EXERCISE:
Go to the line that contains "Meet your Posher, Herbert" in the listing below, then output it and every line after it exactly, omitting pictures.

PROVIDED MATERIAL:
════
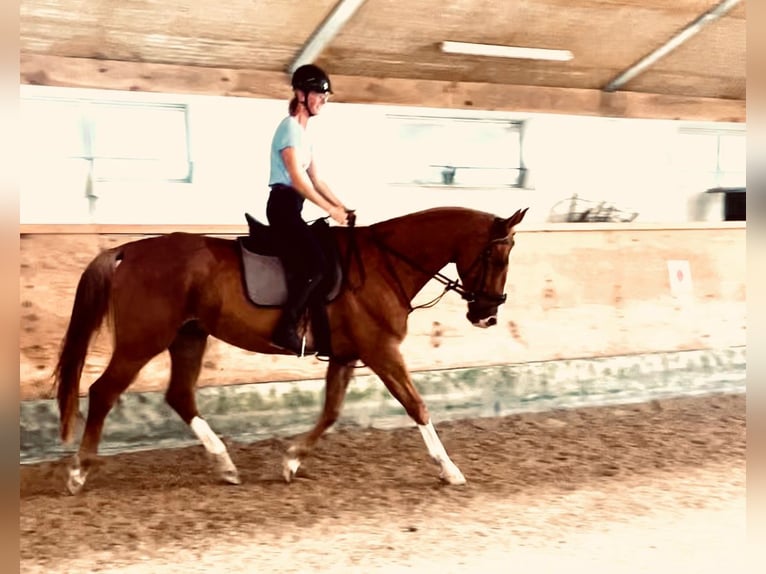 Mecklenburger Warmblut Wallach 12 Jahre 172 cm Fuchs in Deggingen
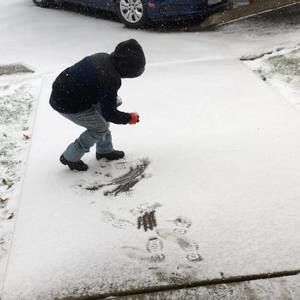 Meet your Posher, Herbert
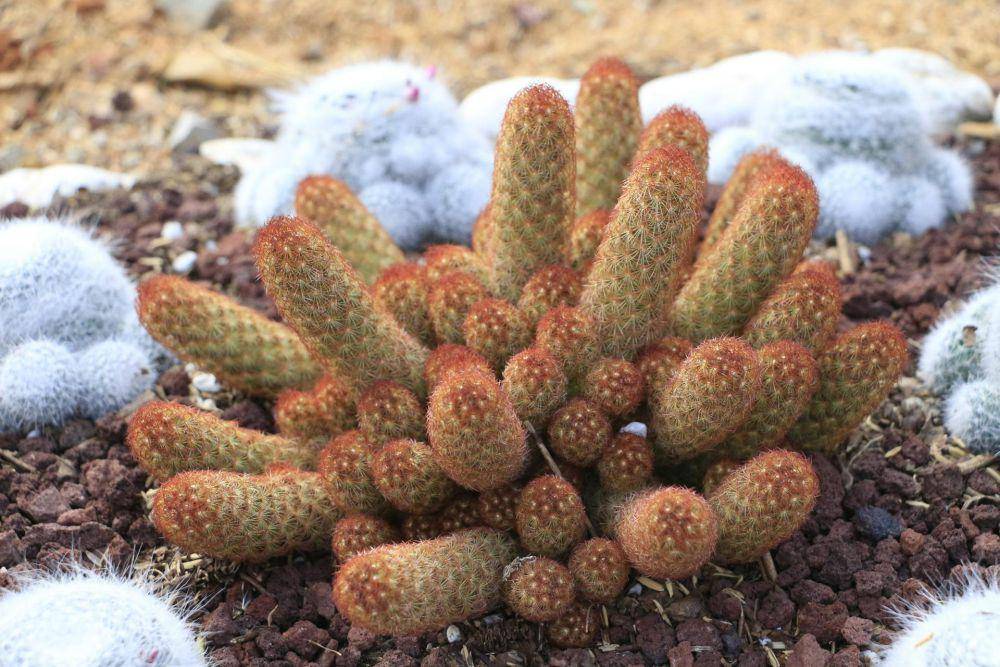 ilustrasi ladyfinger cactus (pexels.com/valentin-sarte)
════
RESPONSE BELOW:
 Meet your Posher, Herbert
 ilustrasi ladyfinger cactus (pexels.com/valentin-sarte)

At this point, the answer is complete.